By Our Special Correspondent

NEW DELHI, JAN. 19. The Delhi High Court's judgment limiting the Telecom Regulatory Authority of India's (TRAI) has sent shivers down the spine of several world telecom companies who are planning to enter the national long distance (NLD) segment.

Representatives from some of the companies who have firmed up plans said they will have second thoughts about tapping the potential of this capital-intensive sector unless the anomaly created by the judgment was not eliminated. Among the companies who have lined up to take a shot at the NLD are MCI, AT&T, BT, Telstra and Deutsche Telecom. The TRAI has already given its recommendations on the terms and conditions for NLD companies and the final recommendation from the Department of Telecommunication (DoT) is awaited before setting the process for selecting companies in motion.

The Delhi High Court, yesterday, ruled that the TRAI could not mandatorily stipulate interconnection charges. It had also observed that the TRAI's adjudicatory powers can be revoked only when two service providers fail to reach an agreement. Companies are objecting on both the counts.

One, interconnection issues will be more dominant in the matter of long distance services. ``If the DoT could create so many hurdles in stalling the calling party pays (CPP) regime, one shudders to think what they will do if we enter long distance from where it gets Rs. 12,000 crores every year,'' said a representative who did not wish to be identified.

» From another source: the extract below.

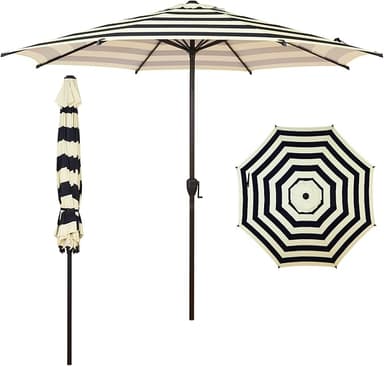 Abba Patio 9FT Lyon Outdoor Patio Umbrella with Push Button Tilt and Crank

The companies feel with the TRAI not authorised to judge licenser-licensee disputes, they will face a tough time during the initial years of operation. ``The NLD operator will take seven to eight years to match his infrastructure with that of the DoT. During that period, the DoT will have to lease out its infrastructure on priority and at wholesale prices to their competitors. In the absence of an independent organisation, we are apprehensive how this can effectively take place,'' said another MNC representative.

On the second issue, companies feel consultations can take place between companies who have roughly the same market share. In India's case, the DoT owns 99 per cent of the infrastructure and will be in a position to dictate terms. ``Where is the question of arriving at an agreement. They can hold us to ransom,'' said a company official. ``In both cases, an independent body has to be a regulator,'' said an official.

Those solidly on the side of the TRAI in its hour of mortification are more strident and reject the suggestion about an independent dispute redressal mechanism. ``In order to ensure that NLD operators take off, the TRAI should be given all the powers of dispute redressal and tariff fixation,'' they feel. The judgment, they feel, does not account for the separation between the Government's role as a policy maker (DoT) and its role as a telephone operator (Department of Telecom Services -DTS).